Samples of fresh mucosa, cell suspension used to start the cultures and epithelial cell cultures were prepared as described for western blot analysis. Maltase activity (brush border disaccharidase) was measured according to the spectrophotometric method developed by Dahlqvist 52. Alkaline phosphatase was estimated using 4-nitrophenyl phosphate as substrate (1.5 mM; Acros Organics) in ethyldiethanolamine buffer (150 mM; Sigma) and dinitrophenolphosphate (Sigma) as standard. After a 20 minute incubation time, the reaction was stopped by a 1 M NaOH solution. The absorbance of the enzyme reaction product was measured at 415 nm. Enzymatic activities were reported to the protein content measured by the method of Bradford 53 and expressed as specific enzymatic activities (SA, μmol/min.g).

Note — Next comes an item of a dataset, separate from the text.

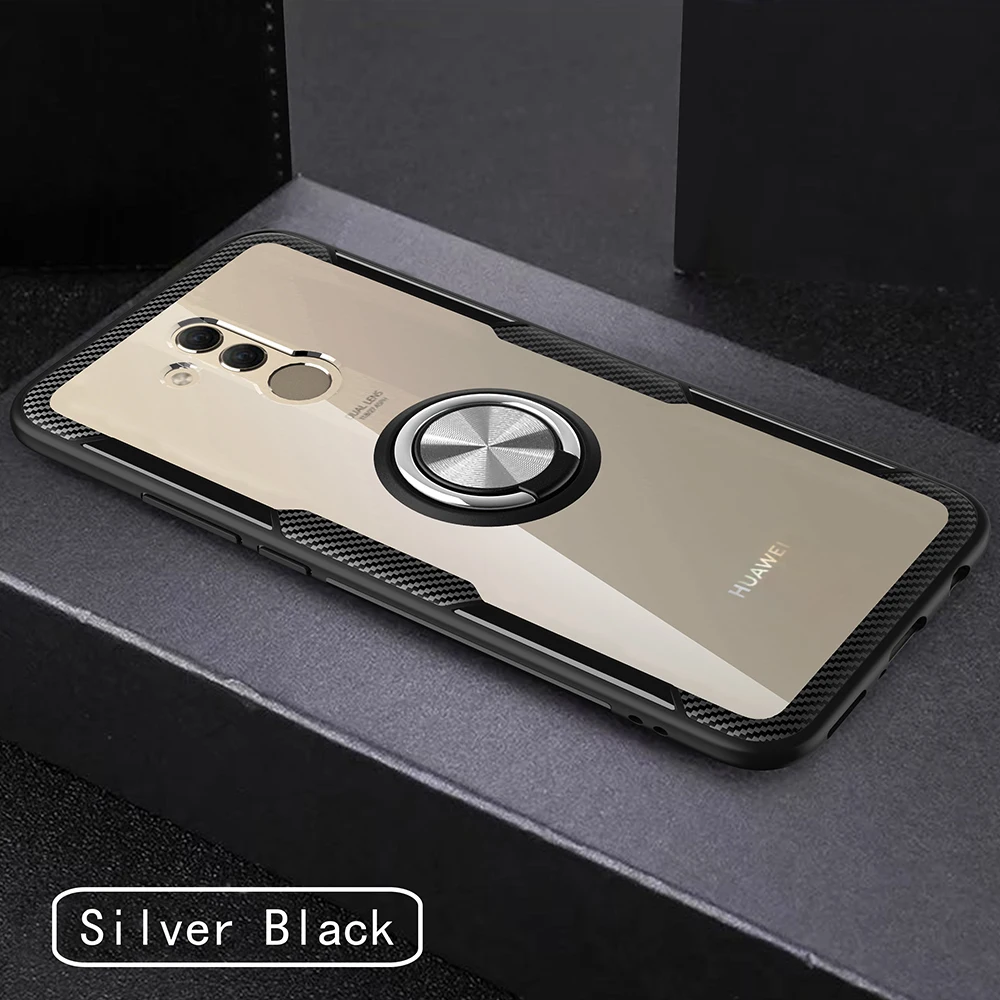 Silver Blcak Держатель мобильного телефона чехол для huawei mate 20 Lite mate 20 Lite легкий чехол для huawei mate 20 Pro стеклянный чехол с кольцом на палец - Цвет: Silver Blcak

For transmission electron microscopy, cells were grown in collagen I coated culture wells. Cultured cells were washed twice with PBS and then fixed in 2.5% glutaraldehyde solution at 4°C for 1 hour. Two other PBS washes were followed by a post-fixation in 2% osmium tetroxyde for 1.5 h. Then samples were dehydrated in serial ethanol dilutions, scrapped from their plastic support and embedded in epon-epoxy resin. Ultrathin sections were counterstained with uranyl acetate were fixed on grids and observed under a transmission electron microscope (JEOL JEM-100CX) at 80 kV.

Results are reported as mean ± standard deviation (SD). With regard to heteroscedasticity, statistical analysis was performed using Newman-Student-Keuls or Kruskal-Wallis ANOVA. A p-value below 0.05 was considered as statistically significant.